In the week of April 5th my clacking got a little louder as you can tell by the article titles:
- Toppy Tuesday - LA "Out of Money" on June 30th?
- Which Way Wednesday - Fed Up Edition
- Thursday Thump - Suddenly Things Matter?
- Forget About It Friday
We had a fun dip that Wednesday, which I led off saying "I don’t know what Fed minutes the market read yesterday but the ones I read scared me!" Thursday’s shot of market sobriety was brought to us by Fed Governor Tom Hoenig, who said: "Holding rates down at artificially low levels over extended periods encourages bubbles, because it encourages debt over equity and consumption over savings." Which by that afternoon was interpreted once again as "PARTYPARTYPARTY."
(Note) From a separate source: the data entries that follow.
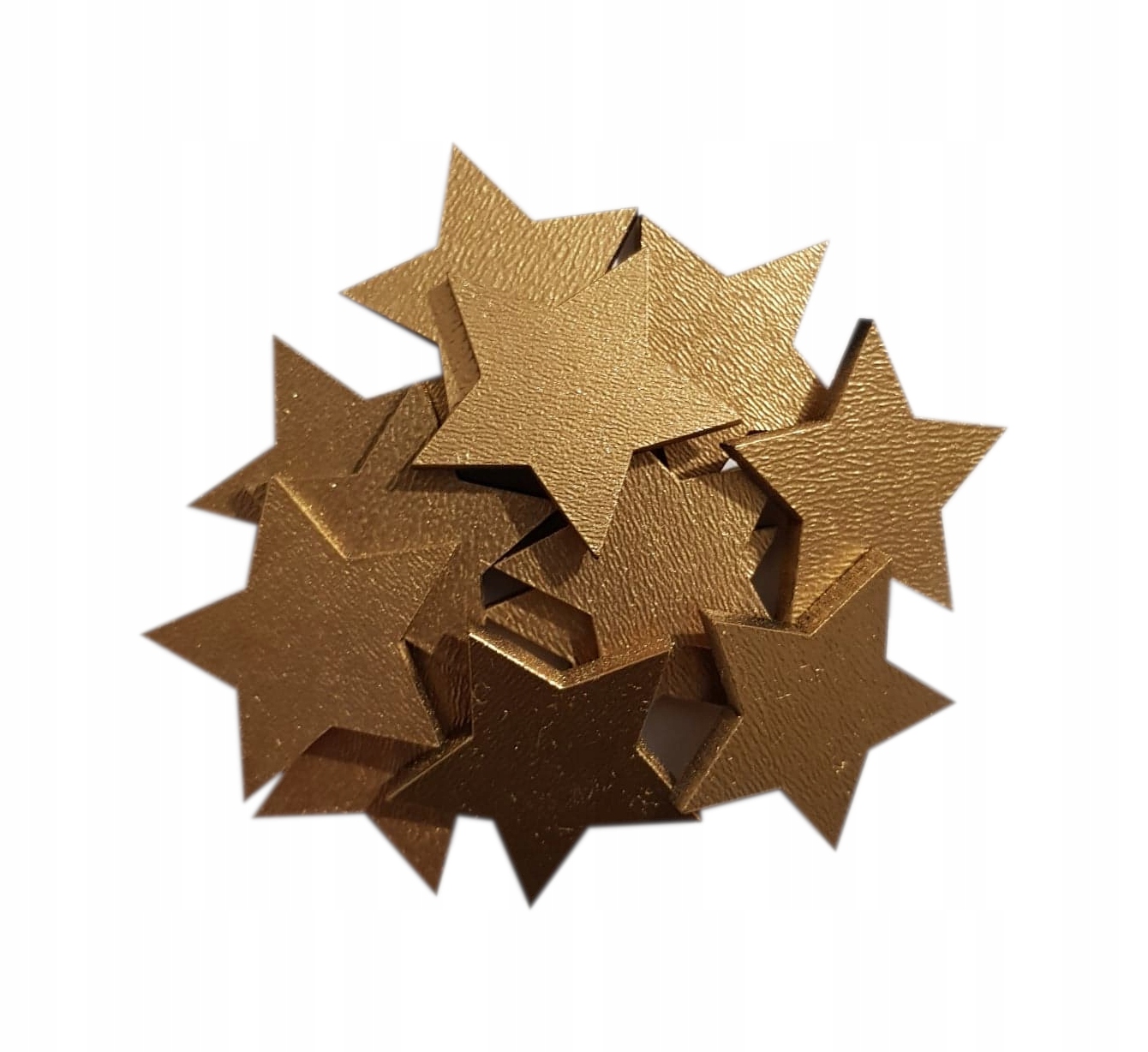 

Gwiazdki Drewniane 30szt 3 cm Złote Scrapki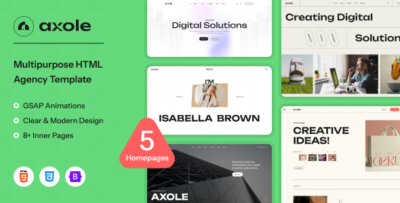 Axole - Creative Digital Agency & Portfolio Template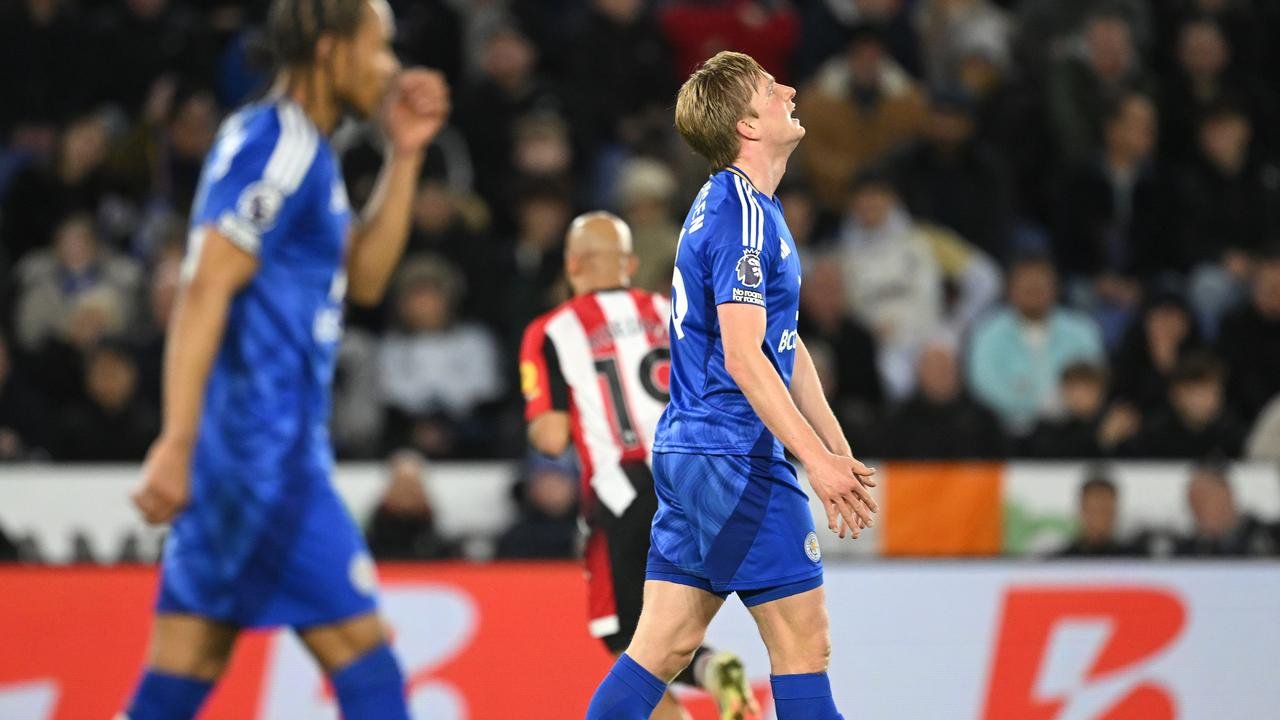 LEICESTER CITYLL SLUMPS in Bass Number against Brentford, Rubern Amorim of Handing Handing on Manchester Fight of the Ong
That brings us right up to speed for this crazy week when Friday’s "fuhgeddaboudit" attitude carried through the weekend as Greece was, once again, "solved" and a much larger than expected BUILD in inventories was taken as a good sign that sales were anticipated, rather than the "remote" possibility that sales expectations had gotten ahead of themselves. If inventories are built up then the manufacturers get to book strong sales, regardless of whether or not anyone ultimatley consumes them. This is leading to very high expectations for earnings as analysts are forecasting 27% gains in S&P earnings over last year, when the S&P was priced 80% lower:
"Earnings expectations are high enough to make it just too hard for a lot of companies to live up to them," worries Justin Walters of Bespoke. "We believe the market is more likely to struggle early on in earnings season than make a big move higher," Mr. Walters wrote to clients last week.
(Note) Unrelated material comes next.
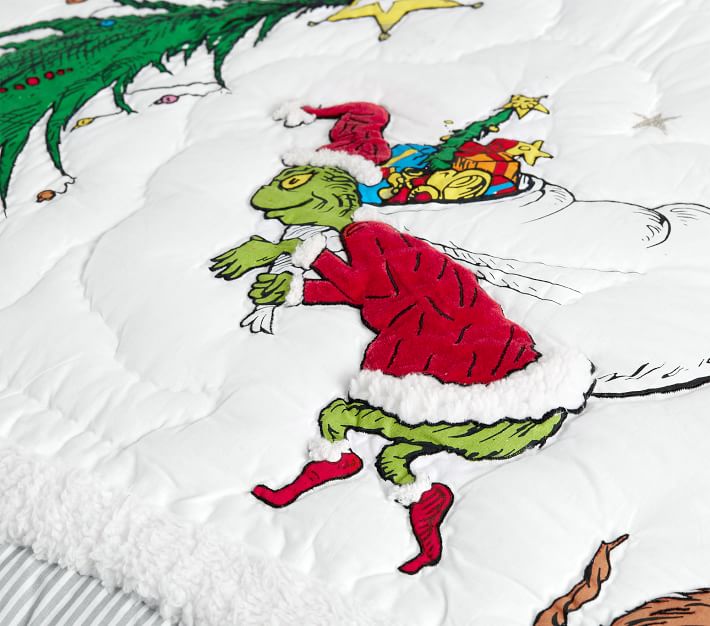 Grinch Kids Quilt Pottery Barn Kids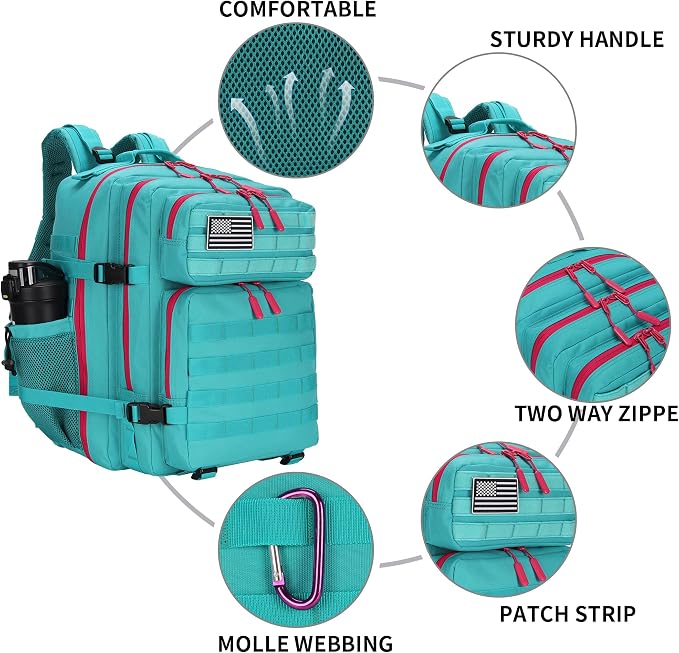 Lovelinks21 25L Tactical Military Backpack Small Travel Rucksack - Image 4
We’ve already seen this week that earnings beats by TLB, ADTN, CSX, INTC, LLC, JPM, PGR, YUM, PPG, AMD, GOOG, ISRG, BAC, FHN, GCI, GE, GPC and MAT were not enough to keep the rally going. And even raised guidance from TLB, INTC, LSTR, ATR and FCS were not enough to keep all but Intel from falling on Friday - and many of those who didn’t actively raise guidance actually finished the week lower despite their beats. How many of the 38 companies reporting this week actually did increase their revenues by 27% over last year? 5 (see list). How many reported LOWER revenues than last year? 8. How many had less than 10% improvements in revenue? 16. How many companies are up less than 50% since last year’s Q1? Not many (if you feel like counting, go ahead but I’m comfortable with that guess!).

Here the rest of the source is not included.